Brain Power
by Susan Pataky
Do you feel as if your brain is turning to mush with each passing year? Is it age or is is stress?
Many neurologists believe that over time the structure of the brain grows lighter(shrinks slightly) and loses approximately
one million neurons a year as it ages. Is senility really the result of this neuron loss and the decaying brain? If we all
lose this many neurons annually why is it that only some of us become senile or worse are diagnosed with Alzheimers?
Animal research shows that the brain grows new connections as we age thus, perhaps, compensating
for the neurons that have died. Another interesting fact is that no two brain cells actually touch. Dendrites(derived from
the Greek word for "tree") reach across a synapse(gap) via hundreds to thousands of hair-like filaments like intertwining
branches. Chemical signals can be then sent to one neuron to another. There is currently no research as to why some neurons
grow fifty dendrites vs others which grow ten thousand. One thing is known, that chemicals are involved.
Again we turn to the stress hormones namely cortisol. We know that stress effects every physiological system
including down to the cellular level. Thus contributing to just about every disease state. A continued state of stress means
excess cortisol and for the brain that means shrinking neurons.
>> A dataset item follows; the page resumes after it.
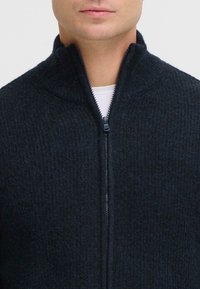 Donkerblauwe ritsbreisweater met een gestructureerd breipatroon, hoge kraag en metalen rits. Lichtgewicht en geschikt voor lagen.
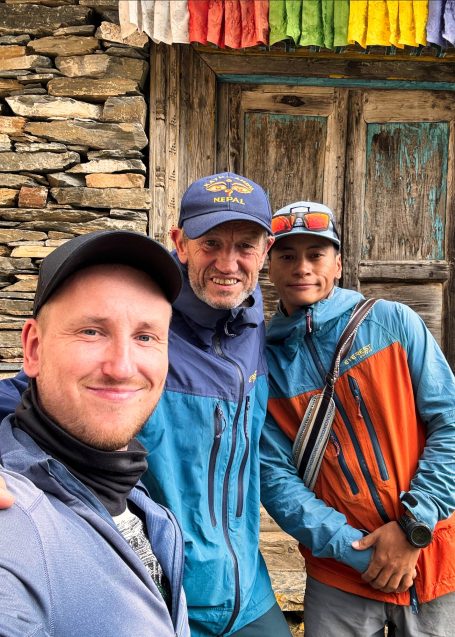 Drei Männer posieren lächelnd vor einer Holztür in einem Bergdorf.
In addition research shows that in the presence of excess
cortisol the neurons actually change shape.
Any
feeling of stress that is not managed and dealt with builds and if your life has you always under stress it then becomes chronic.
This can make the most stable person feel overwhelmed and pushed to the breaking point. The good news is that the brain is
very resilient and once stress is eliminated the neurons grow back. A Japanese study showed a decrease in serum cortisol during
yoga exercise. In 2003, at the 85th Annual Meeting of The Endocrine Society it was announced that cortisol, a hormone linked
to stress, is significantly reduced in people who practice yoga. These findings have helped pave the way for therapeutic applications
of yoga.
Interestingly, research with
rats, done by Marian Diamond at Berkeley, has helped confirm that there is also a physiological component to brain shrinkage
and brain growth. The result showed that the rats when lonely, islolated, and deprived of social interaction, began to develop
shrinking cortexes and a loss of dendrites. Conversely if the rat was put back into social settings with lots of stimulation
theirs brains began to grow new dendrites and expand. This scenario is easily translated to human existence.